As he neared a wall again, he stared anxiously and longingly at the upward path that had taken him here in the first place.

He told himself again that he had nowhere to go on the ground; he was intent to weather the pain out up here.

It felt like the claws were still lodged inside him.

Aspenpaw didn't know how to fill the time until the pain passed.

He couldn't think about anything else.

As he made one last round from side to side, Aspenpaw looked down and noticed that blood had begun seeping from behind the dry herbs and cobwebs that had been sloppily paced on his chest.

That same fear of his insides struck him, and he was finally forced to admit that something was very wrong.

He couldn't take the pain anymore, and dragged himself up and into the step-path, nearly falling down the first flight.

He started heading down mindlessly, guiding himself where he knew he needed to go but was unable to admit.

There was an infection in his chest, he knew the signs of it, and he needed help.

Though he hated it, he knew where he was going.

The cats in the she-cat base were the only ones who he knew how to find, and the only ones who could treat him.

It wasn't until now that Aspenpaw realized how foolish it had been to try and escape; he could hardly move at this point, he certainly wouldn't survive out here for long.

The steps appeared no longer as such, instead they were just incongruous shapes entirely separate from their whole.

Going down was far harder than going up, as though the pain was comparable, his senses were distorted from the onslaught of it that he had been experiencing since he started up this way.

On top of that, his vision was deteriorating as all of his energy was spent focusing on the pain in his chest and the fear of going back to the she-cat camp.

He was in the worst place he could be at this point.

If he didn't give up, he would simply die in this unfamiliar land, but going back, he didn't know what the punishment for running away would be, and if it would be any better than death.

As he neared the ordinary world once again, he resorted to simply sliding down the steps, trying to save his energy for the walk back, if he could even remember the way.

He knew he couldn't fall asleep, or else he may never wake back up, and, although the thoughts that plagued his mind and the past actions that he had performed, Aspenpaw didn't want to die.

He was too afraid.

He was on the final layer, just a leap away from the ground.

Falling more than jumping, Aspenpaw found himself feeling the artificial hard earth on his pelt, relief spilling over him.

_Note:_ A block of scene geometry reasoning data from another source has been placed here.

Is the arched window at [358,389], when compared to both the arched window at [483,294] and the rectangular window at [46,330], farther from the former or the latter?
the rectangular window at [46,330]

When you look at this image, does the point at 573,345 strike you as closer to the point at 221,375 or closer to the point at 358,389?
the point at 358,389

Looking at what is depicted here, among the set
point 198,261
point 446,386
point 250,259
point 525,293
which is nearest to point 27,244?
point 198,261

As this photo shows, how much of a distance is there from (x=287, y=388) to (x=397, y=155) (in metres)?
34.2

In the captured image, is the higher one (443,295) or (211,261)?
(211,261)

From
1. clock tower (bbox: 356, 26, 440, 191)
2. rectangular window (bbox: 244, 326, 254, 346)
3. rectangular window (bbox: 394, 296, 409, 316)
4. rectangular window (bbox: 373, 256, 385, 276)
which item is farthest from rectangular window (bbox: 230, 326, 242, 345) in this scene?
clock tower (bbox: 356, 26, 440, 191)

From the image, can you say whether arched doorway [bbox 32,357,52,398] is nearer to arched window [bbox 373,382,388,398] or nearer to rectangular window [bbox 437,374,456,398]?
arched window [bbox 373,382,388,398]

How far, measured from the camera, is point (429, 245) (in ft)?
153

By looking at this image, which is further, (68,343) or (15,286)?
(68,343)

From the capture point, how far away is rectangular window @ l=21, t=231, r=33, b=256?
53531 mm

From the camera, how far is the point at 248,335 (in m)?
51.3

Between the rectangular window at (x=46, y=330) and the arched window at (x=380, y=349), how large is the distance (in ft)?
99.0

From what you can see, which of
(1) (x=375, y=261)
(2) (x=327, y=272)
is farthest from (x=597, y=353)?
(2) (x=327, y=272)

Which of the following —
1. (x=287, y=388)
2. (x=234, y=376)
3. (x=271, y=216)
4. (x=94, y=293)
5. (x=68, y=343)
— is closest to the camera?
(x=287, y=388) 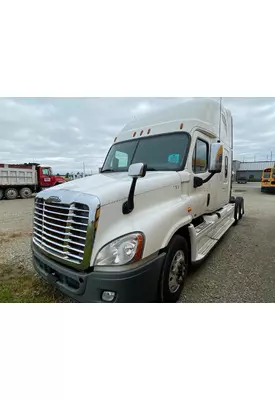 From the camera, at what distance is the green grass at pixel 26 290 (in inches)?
105

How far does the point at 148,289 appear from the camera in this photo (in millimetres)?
2070

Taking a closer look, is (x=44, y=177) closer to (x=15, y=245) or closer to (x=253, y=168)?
(x=15, y=245)

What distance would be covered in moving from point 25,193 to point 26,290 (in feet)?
55.1

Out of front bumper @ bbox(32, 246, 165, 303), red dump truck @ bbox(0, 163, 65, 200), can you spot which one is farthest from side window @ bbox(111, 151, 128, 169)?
red dump truck @ bbox(0, 163, 65, 200)

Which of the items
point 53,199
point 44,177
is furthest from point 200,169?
point 44,177

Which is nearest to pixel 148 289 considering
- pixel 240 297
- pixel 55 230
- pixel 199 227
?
pixel 55 230

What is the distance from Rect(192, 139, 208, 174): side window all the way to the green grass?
2688 millimetres

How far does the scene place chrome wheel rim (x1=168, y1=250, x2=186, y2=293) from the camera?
2496 millimetres

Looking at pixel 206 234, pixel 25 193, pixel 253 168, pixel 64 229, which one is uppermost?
pixel 253 168

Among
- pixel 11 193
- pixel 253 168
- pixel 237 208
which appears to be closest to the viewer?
pixel 237 208

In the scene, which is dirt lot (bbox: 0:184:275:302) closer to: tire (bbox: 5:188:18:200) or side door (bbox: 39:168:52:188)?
tire (bbox: 5:188:18:200)

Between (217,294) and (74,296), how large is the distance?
1.89 metres

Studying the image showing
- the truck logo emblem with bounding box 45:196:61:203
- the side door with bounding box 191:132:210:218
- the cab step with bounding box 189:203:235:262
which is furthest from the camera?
the side door with bounding box 191:132:210:218

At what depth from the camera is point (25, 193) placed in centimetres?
1753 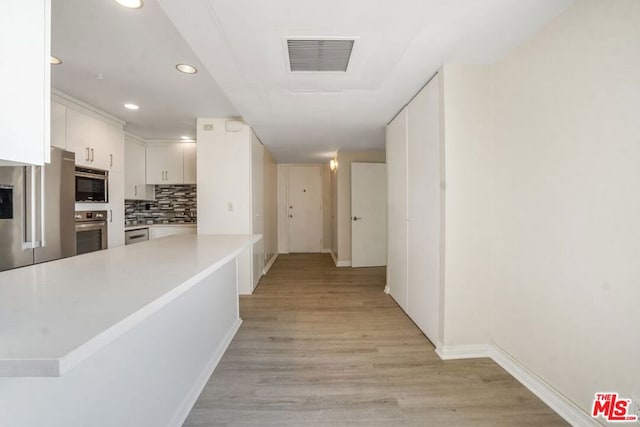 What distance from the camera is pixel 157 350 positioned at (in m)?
1.27

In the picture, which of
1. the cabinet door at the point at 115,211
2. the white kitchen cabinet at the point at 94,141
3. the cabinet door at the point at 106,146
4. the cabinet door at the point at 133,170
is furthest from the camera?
the cabinet door at the point at 133,170

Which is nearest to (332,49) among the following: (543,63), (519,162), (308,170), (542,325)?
(543,63)

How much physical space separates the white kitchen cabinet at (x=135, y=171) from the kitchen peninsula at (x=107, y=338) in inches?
113

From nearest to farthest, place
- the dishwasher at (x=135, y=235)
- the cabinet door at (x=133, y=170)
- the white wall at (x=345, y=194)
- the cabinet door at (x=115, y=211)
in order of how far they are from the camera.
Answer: the cabinet door at (x=115, y=211), the dishwasher at (x=135, y=235), the cabinet door at (x=133, y=170), the white wall at (x=345, y=194)

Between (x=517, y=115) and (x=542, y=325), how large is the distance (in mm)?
1296

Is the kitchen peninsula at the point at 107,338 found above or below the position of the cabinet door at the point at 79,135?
below

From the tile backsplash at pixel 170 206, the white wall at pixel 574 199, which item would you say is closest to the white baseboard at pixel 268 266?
the tile backsplash at pixel 170 206

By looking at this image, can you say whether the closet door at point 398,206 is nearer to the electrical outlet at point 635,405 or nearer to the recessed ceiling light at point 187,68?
the electrical outlet at point 635,405

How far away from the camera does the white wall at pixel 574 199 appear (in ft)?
3.84

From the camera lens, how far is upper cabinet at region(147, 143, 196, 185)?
4.24 meters

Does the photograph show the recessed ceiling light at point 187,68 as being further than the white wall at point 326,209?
No

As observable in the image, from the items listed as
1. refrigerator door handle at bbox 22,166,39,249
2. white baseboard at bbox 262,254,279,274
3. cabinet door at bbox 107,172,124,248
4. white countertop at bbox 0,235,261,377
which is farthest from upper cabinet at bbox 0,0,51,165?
white baseboard at bbox 262,254,279,274

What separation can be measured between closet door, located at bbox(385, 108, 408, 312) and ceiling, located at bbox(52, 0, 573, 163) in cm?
25

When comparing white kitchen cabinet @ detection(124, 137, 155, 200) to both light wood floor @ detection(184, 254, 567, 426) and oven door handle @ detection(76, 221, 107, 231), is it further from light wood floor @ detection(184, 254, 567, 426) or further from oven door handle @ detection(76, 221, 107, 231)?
light wood floor @ detection(184, 254, 567, 426) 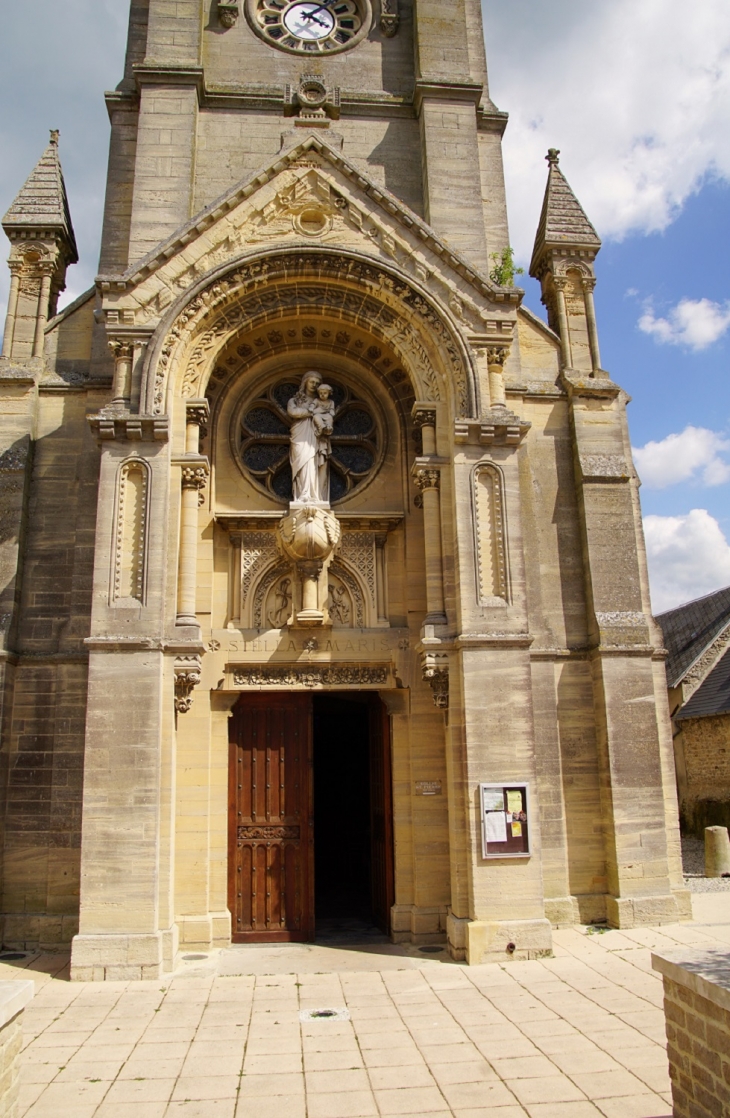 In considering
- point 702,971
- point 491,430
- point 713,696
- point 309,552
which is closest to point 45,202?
point 309,552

Pushing himself to his paws proved to be more difficult here than it ever had been before, but looking up and seeing drops of blood sprinkling down from the rafters gave him the strength of fear to pull himself together.

One step, and then another, and Aspenpaw was on his way, trying his hardest to recall which turns he had taken, searching through his blurry vision for markers that he had passed before.

His nose was of almost no use here in the city, clogged with fumes and the scent of disposables.

He wondered if cats were out looking for him, or at least, he certainly hoped that there were.

Passing a familiar colorful wall, full of tens of images laid atop each other, Aspenpaw suddenly remembered exactly where to go from here.

Up and over a small incline, he was met with the sight of his escape location, rubble drifting out from the sides of a break in the ground.

Aspenpaw swallowed hard, causing more pain to coarse through his tired body, and prepared to face the punishment of his actions.